Prayer Breakfast Features Army Medal of Honor Recipient
By Army Sgt. 1st Class Tyrone C. Marshall Jr.
American Forces Press Service
WASHINGTON, March 14, 2012 The Army’s most recent Medal of Honor recipient cited the “miracles” that saved his life one fateful day in Afghanistan during the Pentagon’s national prayer breakfast, which featured spiritual resilience to overcome adversity as its theme.
“Our freedom of religion and freedom of practice of that religion in the military is one of our greatest assets to our fighting force,” Sgt. 1st Class Leroy A. Petry told the audience today. “We’re truly blessed to be in existence in the best nation in the world.”
Last summer, President Barack Obama awarded the country’s highest military honor to Petry, an Army Ranger who was shot in both legs and had his hand blown off while saving his fellow soldiers during a firefight in Afghanistan. When he received this honor, Petry became only the second living veteran of the wars in Afghanistan and Iraq to receive the Medal of Honor.
Speaking to an audience of service members and civilians, Petry spoke of the role religion has played in his life and throughout his military career.
“I’ve been to several denominations of churches throughout my life -- from Mormon [to] Christian [and] Baptist -- and approached each one with an open mind,” said Petry, noting that he was raised Catholic.
“The thing that I took away from each gathering of people to show their faith was not the differences, but the unity of giving praise to a higher being,” he said. “And what they had -– their faiths and beliefs.”
Whether it’s through a church gathering or another avenue, Petry noted the importance of surrounding oneself with a support system rather than fighting through issues alone.
“It’s my fellow service members that pushed me through rehab, fellow Rangers that continue to push me today … and that’s the way I look at it,” he said. “Our God tells us that he’s going to be there for us, but he wants us to help each other.”
Petry further explained his thoughts, citing two “miracles” from that fateful day of May 26, 2008, which he was later recognized for with the Medal of Honor.
“One, that my fellow Rangers with me were not killed by the grenade that took my hand,” he said. “And two, that the 7.62 [mm] round that went through both my upper thighs did not hit any arteries, bone or major nerves.”

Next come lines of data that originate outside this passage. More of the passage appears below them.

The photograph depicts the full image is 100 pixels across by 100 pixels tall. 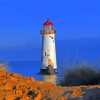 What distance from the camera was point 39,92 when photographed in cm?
1002

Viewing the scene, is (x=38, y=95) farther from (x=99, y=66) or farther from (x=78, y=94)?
(x=99, y=66)

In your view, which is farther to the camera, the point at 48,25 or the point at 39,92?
the point at 48,25

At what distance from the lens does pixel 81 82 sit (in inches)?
551

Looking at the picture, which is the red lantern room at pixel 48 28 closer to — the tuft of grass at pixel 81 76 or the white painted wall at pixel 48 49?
the white painted wall at pixel 48 49

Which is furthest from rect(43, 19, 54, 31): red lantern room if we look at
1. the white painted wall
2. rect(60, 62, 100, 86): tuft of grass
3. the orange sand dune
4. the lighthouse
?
the orange sand dune

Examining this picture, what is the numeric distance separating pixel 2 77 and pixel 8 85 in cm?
85

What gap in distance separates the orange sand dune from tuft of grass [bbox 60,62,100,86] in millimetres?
3201

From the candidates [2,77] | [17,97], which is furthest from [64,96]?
[2,77]

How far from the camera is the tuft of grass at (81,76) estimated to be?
14.0 metres

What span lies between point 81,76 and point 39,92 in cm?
442

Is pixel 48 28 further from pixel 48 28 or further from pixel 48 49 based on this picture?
pixel 48 49

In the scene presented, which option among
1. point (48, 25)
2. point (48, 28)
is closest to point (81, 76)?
point (48, 25)

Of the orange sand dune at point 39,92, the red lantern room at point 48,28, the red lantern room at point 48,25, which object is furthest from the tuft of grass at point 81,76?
the red lantern room at point 48,28

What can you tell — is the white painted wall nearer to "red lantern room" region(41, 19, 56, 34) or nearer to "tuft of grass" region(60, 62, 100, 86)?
"red lantern room" region(41, 19, 56, 34) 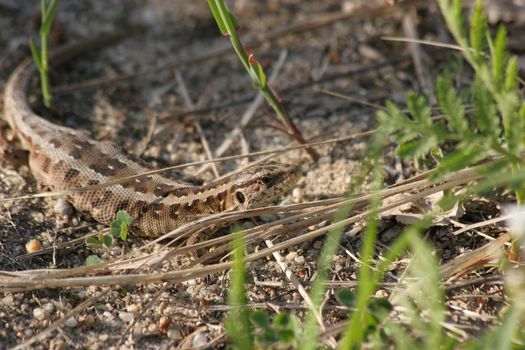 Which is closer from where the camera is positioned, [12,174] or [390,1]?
[12,174]

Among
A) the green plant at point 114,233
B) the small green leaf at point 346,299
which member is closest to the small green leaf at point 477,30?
the small green leaf at point 346,299

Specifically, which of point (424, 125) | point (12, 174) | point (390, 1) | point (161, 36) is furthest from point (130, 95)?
point (424, 125)

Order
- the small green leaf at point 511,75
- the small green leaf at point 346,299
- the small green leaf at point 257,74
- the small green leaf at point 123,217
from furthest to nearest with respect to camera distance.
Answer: the small green leaf at point 257,74 → the small green leaf at point 123,217 → the small green leaf at point 346,299 → the small green leaf at point 511,75

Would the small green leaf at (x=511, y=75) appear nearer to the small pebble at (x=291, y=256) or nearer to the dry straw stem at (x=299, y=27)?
the small pebble at (x=291, y=256)

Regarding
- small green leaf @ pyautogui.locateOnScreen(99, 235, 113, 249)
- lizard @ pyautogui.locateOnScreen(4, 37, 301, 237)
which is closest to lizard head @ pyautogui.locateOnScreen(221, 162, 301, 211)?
lizard @ pyautogui.locateOnScreen(4, 37, 301, 237)

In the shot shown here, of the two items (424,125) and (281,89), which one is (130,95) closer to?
(281,89)

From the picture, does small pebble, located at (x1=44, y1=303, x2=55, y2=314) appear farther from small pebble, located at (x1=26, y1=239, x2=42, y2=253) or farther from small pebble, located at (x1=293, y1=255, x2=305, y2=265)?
small pebble, located at (x1=293, y1=255, x2=305, y2=265) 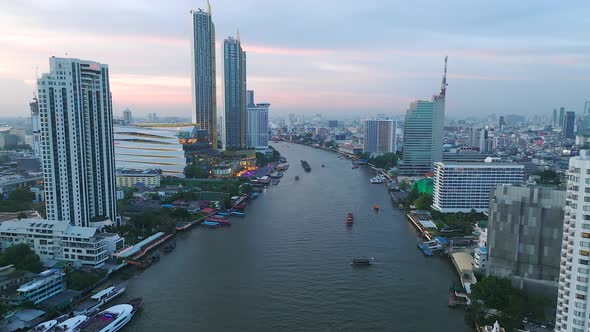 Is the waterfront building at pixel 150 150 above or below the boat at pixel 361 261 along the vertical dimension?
above

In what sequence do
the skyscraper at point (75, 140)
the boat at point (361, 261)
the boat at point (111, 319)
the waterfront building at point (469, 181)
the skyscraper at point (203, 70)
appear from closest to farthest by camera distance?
the boat at point (111, 319)
the boat at point (361, 261)
the skyscraper at point (75, 140)
the waterfront building at point (469, 181)
the skyscraper at point (203, 70)

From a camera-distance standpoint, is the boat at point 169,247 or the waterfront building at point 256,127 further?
the waterfront building at point 256,127

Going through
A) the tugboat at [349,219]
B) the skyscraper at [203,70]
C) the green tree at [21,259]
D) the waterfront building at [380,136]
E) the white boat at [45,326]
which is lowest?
the white boat at [45,326]

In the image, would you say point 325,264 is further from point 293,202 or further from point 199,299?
point 293,202

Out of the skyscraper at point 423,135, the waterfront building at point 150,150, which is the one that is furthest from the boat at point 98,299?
the skyscraper at point 423,135

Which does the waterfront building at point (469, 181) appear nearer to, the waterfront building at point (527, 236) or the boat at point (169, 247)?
the waterfront building at point (527, 236)

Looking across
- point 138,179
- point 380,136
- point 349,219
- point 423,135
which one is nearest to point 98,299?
point 349,219

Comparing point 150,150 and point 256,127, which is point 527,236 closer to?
point 150,150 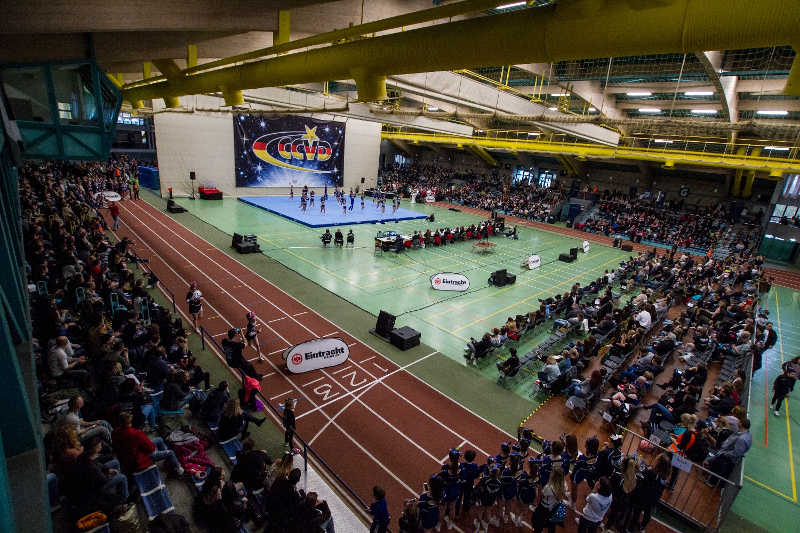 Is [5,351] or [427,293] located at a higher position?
[5,351]

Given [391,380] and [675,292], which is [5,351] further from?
[675,292]

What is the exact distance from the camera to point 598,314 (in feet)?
47.7

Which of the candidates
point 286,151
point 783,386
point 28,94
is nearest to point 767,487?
point 783,386

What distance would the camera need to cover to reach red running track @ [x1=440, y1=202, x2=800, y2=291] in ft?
82.6

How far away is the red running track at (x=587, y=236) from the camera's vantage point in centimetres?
2518

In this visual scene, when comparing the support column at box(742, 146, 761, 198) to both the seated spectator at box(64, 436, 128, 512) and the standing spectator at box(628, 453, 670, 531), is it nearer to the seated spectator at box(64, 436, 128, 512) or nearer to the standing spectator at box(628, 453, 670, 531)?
the standing spectator at box(628, 453, 670, 531)

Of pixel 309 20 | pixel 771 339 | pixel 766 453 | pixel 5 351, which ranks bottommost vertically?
pixel 766 453

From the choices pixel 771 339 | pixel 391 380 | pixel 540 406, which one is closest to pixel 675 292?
pixel 771 339

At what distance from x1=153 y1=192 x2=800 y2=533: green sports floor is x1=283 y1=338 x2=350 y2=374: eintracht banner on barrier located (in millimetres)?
1617

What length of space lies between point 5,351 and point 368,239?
2115 centimetres

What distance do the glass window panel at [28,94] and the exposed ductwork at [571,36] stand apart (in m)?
6.75

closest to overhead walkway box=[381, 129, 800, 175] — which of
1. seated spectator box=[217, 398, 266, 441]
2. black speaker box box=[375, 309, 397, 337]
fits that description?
black speaker box box=[375, 309, 397, 337]

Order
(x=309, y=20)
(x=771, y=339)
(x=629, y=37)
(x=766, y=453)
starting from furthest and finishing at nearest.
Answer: (x=771, y=339) < (x=766, y=453) < (x=309, y=20) < (x=629, y=37)

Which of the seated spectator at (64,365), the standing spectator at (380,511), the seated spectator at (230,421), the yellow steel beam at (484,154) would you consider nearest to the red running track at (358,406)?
the standing spectator at (380,511) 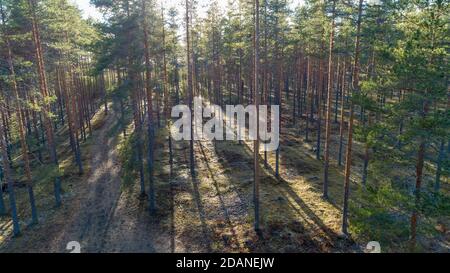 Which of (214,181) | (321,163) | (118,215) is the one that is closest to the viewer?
(118,215)

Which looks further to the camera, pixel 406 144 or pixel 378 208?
pixel 378 208

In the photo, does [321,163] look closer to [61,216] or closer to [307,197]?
[307,197]

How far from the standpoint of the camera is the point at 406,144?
472 inches

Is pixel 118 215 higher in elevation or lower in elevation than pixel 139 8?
lower

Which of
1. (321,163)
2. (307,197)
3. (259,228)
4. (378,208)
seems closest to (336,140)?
(321,163)

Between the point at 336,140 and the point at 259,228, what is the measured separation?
838 inches

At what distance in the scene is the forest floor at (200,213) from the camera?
17.2 metres

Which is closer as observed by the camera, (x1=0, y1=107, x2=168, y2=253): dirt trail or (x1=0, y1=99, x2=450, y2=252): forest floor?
(x1=0, y1=99, x2=450, y2=252): forest floor

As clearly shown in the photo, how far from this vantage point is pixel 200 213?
2044 cm

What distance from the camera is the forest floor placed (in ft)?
56.4

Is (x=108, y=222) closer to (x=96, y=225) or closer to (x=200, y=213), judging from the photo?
(x=96, y=225)

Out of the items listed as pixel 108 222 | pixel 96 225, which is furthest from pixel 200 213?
pixel 96 225

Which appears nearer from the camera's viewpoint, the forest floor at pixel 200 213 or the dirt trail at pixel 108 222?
the forest floor at pixel 200 213

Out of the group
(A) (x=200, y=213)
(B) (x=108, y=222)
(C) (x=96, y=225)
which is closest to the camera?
(C) (x=96, y=225) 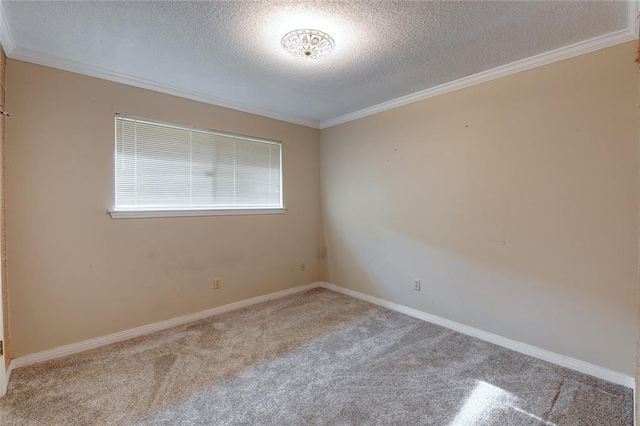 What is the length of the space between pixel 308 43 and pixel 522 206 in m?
2.12

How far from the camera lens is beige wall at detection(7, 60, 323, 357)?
2303 millimetres

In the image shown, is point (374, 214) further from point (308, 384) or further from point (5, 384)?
point (5, 384)

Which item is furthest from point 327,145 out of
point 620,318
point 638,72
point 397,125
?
point 620,318

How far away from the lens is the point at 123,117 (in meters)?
2.74

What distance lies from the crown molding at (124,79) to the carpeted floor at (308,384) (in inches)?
92.0

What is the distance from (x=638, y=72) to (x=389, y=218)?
7.29ft

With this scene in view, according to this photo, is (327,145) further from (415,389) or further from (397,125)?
(415,389)

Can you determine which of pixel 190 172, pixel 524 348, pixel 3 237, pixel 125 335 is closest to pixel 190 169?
pixel 190 172

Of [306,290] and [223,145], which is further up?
[223,145]

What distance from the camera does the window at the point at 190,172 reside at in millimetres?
2811

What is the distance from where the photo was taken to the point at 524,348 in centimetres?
249

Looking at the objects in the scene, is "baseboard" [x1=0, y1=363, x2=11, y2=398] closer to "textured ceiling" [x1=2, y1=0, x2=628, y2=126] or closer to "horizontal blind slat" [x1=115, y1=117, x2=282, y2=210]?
"horizontal blind slat" [x1=115, y1=117, x2=282, y2=210]

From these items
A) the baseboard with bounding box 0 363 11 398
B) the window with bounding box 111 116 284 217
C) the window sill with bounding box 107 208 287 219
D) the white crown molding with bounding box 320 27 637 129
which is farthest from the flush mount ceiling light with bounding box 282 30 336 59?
the baseboard with bounding box 0 363 11 398

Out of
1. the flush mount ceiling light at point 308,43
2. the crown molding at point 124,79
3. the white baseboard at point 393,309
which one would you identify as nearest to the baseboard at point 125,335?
the white baseboard at point 393,309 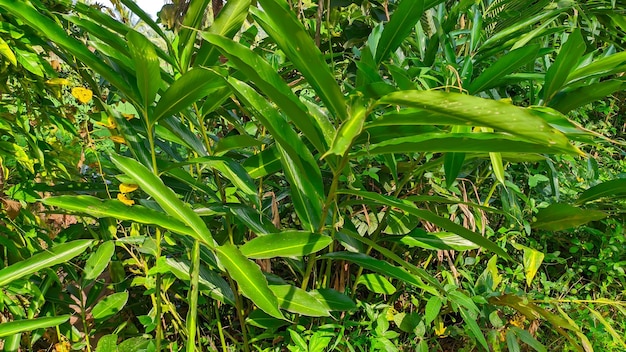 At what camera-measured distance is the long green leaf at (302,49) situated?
679 millimetres

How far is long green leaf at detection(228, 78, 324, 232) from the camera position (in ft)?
2.42

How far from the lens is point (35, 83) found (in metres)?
1.01

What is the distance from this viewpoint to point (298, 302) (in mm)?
904

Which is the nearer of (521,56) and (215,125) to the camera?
(521,56)

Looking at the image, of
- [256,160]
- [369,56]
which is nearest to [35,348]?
[256,160]

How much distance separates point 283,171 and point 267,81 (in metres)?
0.37

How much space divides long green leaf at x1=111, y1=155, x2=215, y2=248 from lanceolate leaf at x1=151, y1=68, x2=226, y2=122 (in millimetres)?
131

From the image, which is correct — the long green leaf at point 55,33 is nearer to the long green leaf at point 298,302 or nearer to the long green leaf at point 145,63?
the long green leaf at point 145,63

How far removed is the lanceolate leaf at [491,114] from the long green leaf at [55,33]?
1.68ft

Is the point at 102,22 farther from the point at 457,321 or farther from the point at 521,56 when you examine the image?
the point at 457,321

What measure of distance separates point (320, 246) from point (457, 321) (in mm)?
Result: 791

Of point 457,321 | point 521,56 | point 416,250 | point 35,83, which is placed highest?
point 35,83

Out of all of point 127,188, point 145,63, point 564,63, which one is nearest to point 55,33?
point 145,63

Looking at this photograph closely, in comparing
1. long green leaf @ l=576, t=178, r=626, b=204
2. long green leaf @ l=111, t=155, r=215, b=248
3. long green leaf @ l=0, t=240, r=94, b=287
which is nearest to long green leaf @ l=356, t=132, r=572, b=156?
long green leaf @ l=111, t=155, r=215, b=248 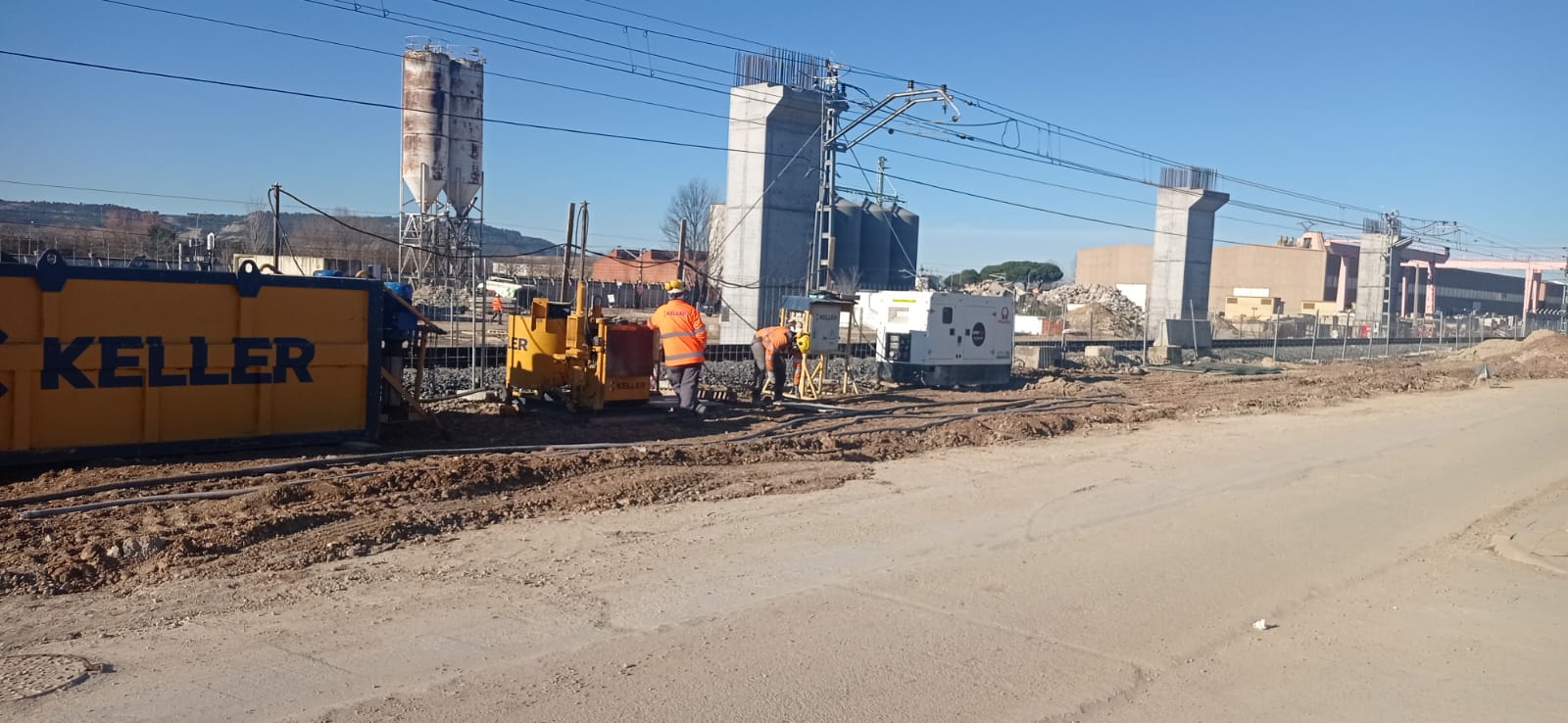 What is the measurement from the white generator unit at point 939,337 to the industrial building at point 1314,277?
51.7 meters

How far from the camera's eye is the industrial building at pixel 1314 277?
274 feet

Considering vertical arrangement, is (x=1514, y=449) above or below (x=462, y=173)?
below

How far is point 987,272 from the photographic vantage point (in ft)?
313

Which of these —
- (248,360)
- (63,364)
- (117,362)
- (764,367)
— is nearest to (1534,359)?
(764,367)

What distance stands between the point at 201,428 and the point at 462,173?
4399cm

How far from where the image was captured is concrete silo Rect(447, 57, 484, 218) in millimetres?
51656

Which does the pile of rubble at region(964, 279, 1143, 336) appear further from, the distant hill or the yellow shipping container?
the yellow shipping container

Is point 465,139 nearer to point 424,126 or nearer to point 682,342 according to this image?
point 424,126

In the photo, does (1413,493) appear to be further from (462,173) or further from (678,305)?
(462,173)

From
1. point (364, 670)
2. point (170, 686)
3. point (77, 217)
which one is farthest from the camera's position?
point (77, 217)

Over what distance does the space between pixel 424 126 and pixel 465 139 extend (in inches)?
83.0

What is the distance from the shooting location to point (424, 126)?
166ft

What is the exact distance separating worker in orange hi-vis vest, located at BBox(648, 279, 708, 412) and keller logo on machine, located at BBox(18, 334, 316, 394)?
193 inches

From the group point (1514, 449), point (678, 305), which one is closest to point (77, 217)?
point (678, 305) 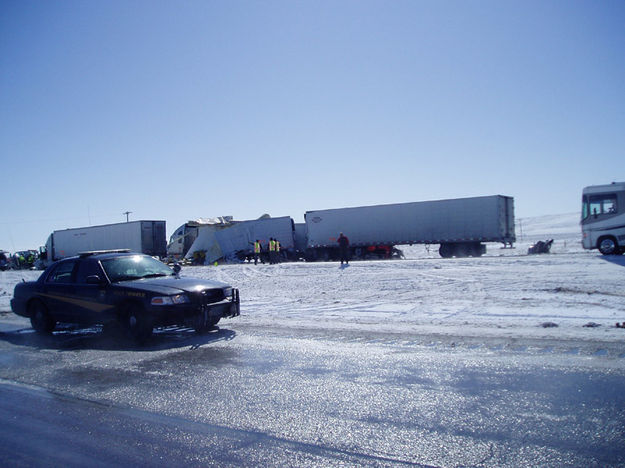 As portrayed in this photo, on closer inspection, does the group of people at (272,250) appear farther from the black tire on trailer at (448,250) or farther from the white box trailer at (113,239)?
the black tire on trailer at (448,250)

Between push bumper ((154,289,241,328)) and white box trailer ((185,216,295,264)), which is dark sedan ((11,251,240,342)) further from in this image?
white box trailer ((185,216,295,264))

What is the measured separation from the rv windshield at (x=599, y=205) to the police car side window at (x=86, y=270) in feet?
72.8

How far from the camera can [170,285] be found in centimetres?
916

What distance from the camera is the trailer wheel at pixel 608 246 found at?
75.8ft

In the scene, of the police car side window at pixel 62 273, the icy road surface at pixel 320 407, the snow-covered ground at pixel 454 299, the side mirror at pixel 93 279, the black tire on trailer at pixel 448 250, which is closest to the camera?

Petry was referring to the operation he was part of to capture an insurgent leader in a compound in Paktia province, near the Pakistan border. His unit was met with heavy automatic weapons fire when they moved into the area. He and several of his fellow soldiers were wounded and sought cover as an enemy lobbed a grenade at the unit.
Although wounded in both legs by assault-rifle fire, Petry picked up the grenade to throw it back at the enemy when it detonated, amputating his right hand.
Petry said his faith has helped him deal with his injuries. “Leviticus 19:18 is one of the passages I like: ‘Do not seek revenge or bear a grudge against one of your people. Love your neighbor as yourself.’”
Petry said he doesn’t bear resentment against the people of Afghanistan or their country, but on the contrary, was proud to serve there and “watch their communities become a better place.”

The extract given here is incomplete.